▶ **What the task asks**: From the line holding "SERPMetrics 7th February 2019." through the line holding "一张展示平谷融媒App安装使" below, write out every line exactly; include both of those lines and drop the pictures.

[[ Source records, beginning ]]

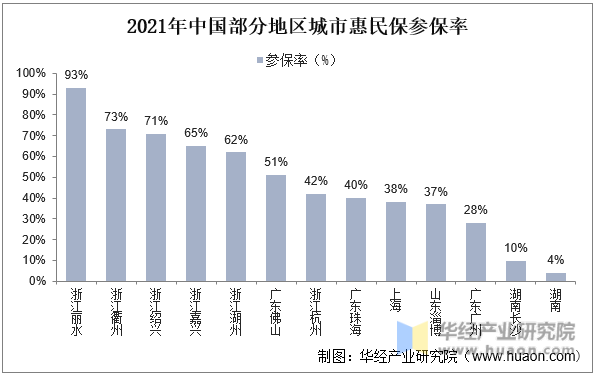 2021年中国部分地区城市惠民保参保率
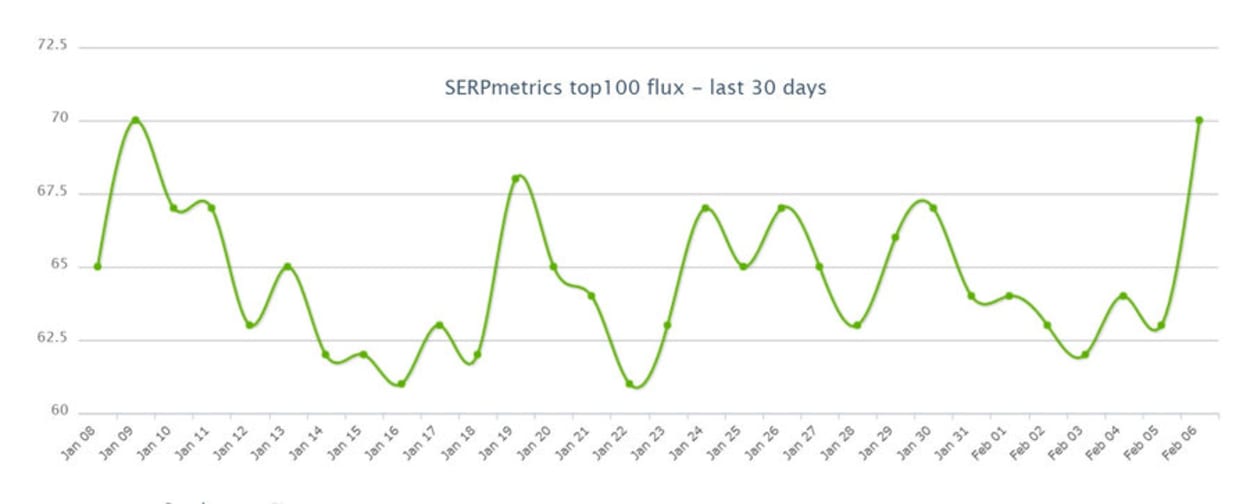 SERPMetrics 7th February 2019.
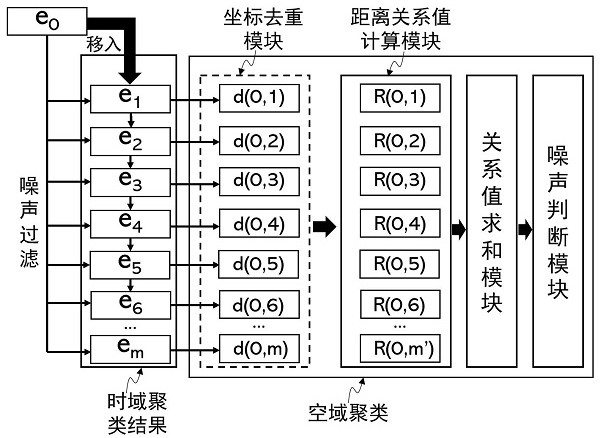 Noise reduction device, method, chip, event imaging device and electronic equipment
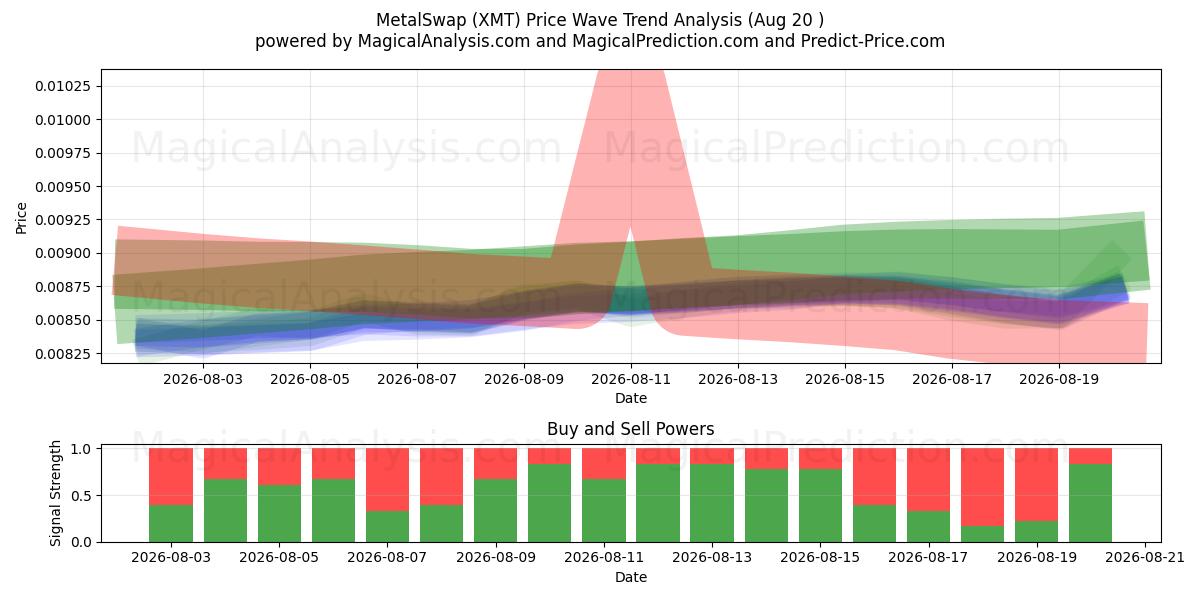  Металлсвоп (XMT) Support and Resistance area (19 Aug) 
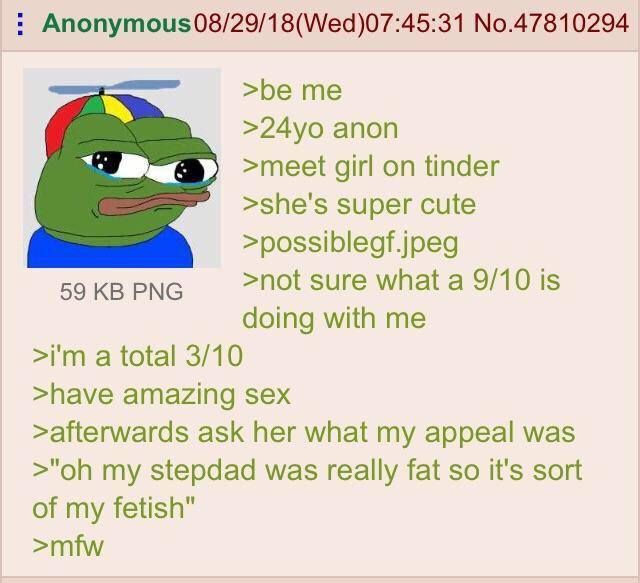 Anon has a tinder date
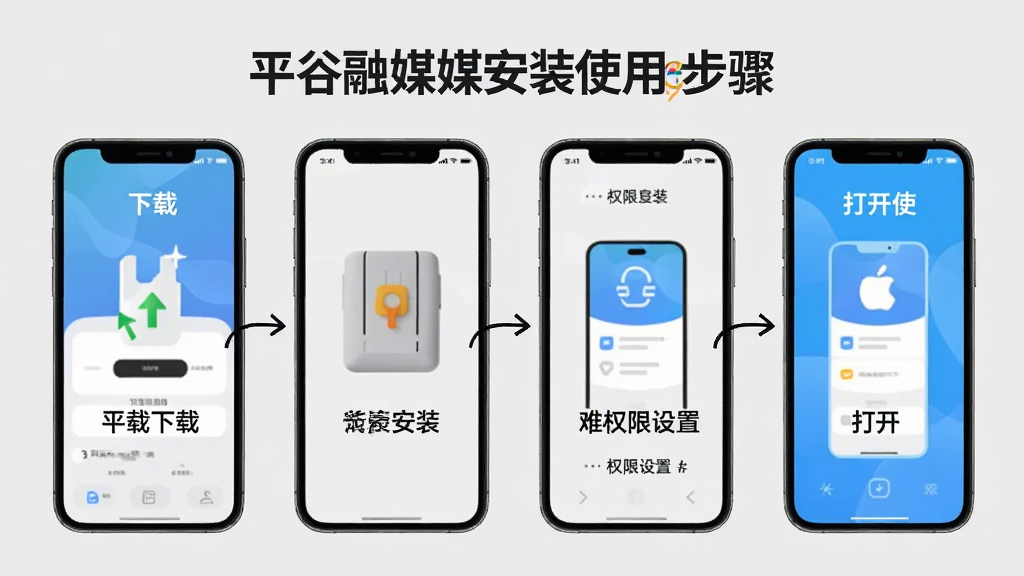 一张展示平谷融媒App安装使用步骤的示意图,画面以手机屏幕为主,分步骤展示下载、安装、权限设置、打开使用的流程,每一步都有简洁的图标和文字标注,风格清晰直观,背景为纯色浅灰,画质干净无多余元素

[[ Source records, end ]]
[[ Source records, beginning ]]

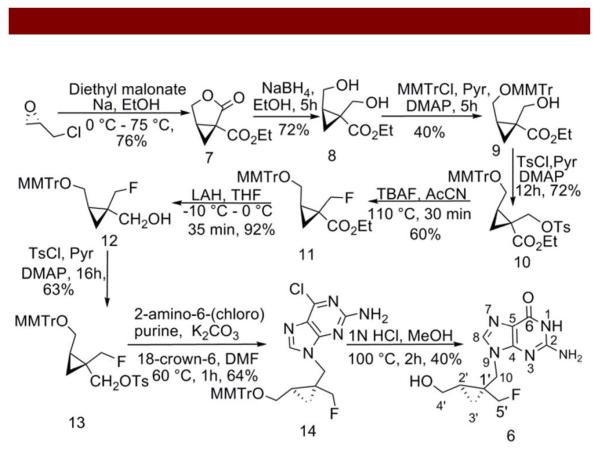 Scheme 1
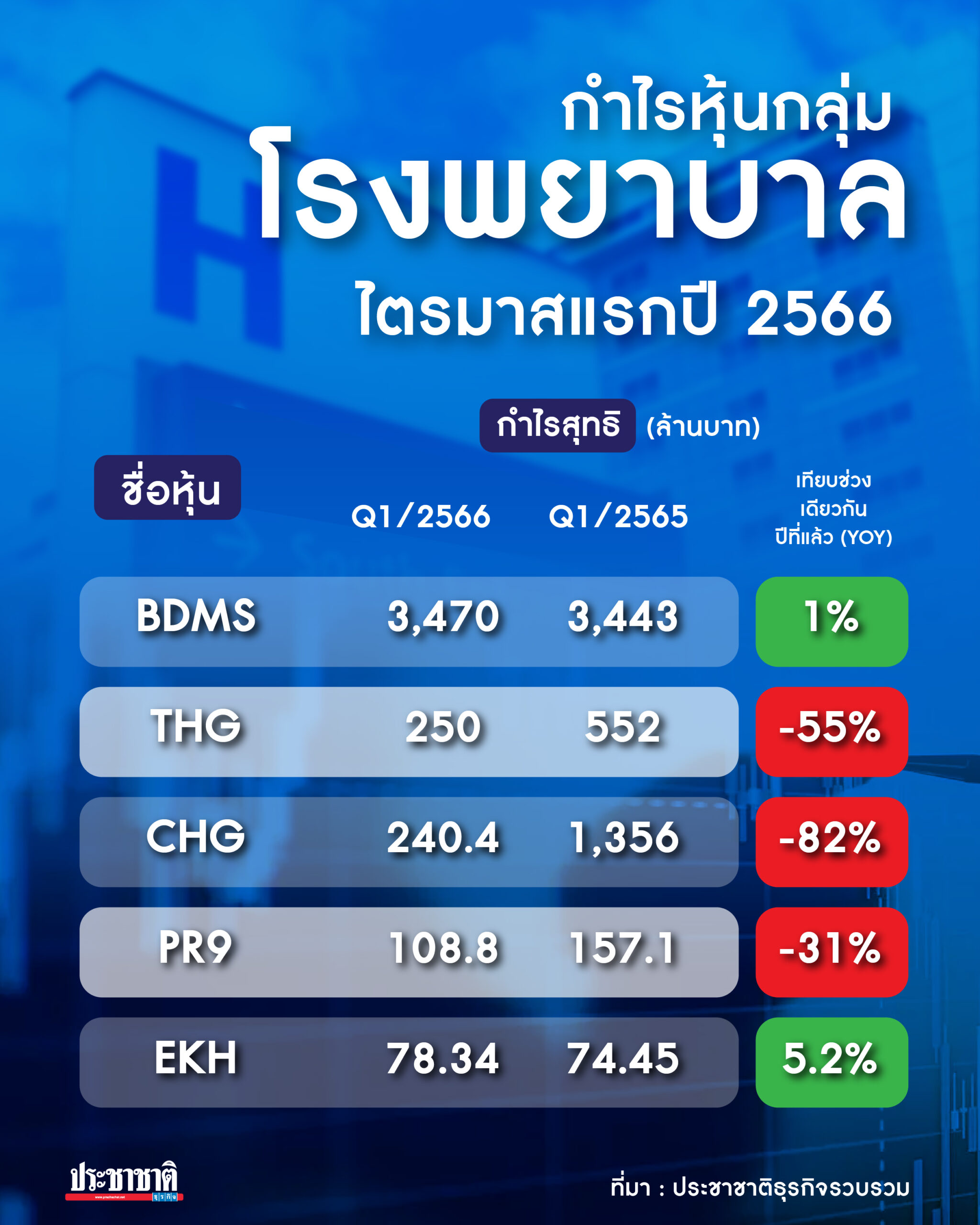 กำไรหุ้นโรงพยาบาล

[[ Source records, end ]]
[[ Source records, beginning ]]

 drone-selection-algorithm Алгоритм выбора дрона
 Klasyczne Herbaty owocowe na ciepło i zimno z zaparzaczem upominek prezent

[[ Source records, end ]]

▶ **Solution for this problem**:
 SERPMetrics 7th February 2019.
 Noise reduction device, method, chip, event imaging device and electronic equipment
  Металлсвоп (XMT) Support and Resistance area (19 Aug) 
 Anon has a tinder date
 一张展示平谷融媒App安装使用步骤的示意图,画面以手机屏幕为主,分步骤展示下载、安装、权限设置、打开使用的流程,每一步都有简洁的图标和文字标注,风格清晰直观,背景为纯色浅灰,画质干净无多余元素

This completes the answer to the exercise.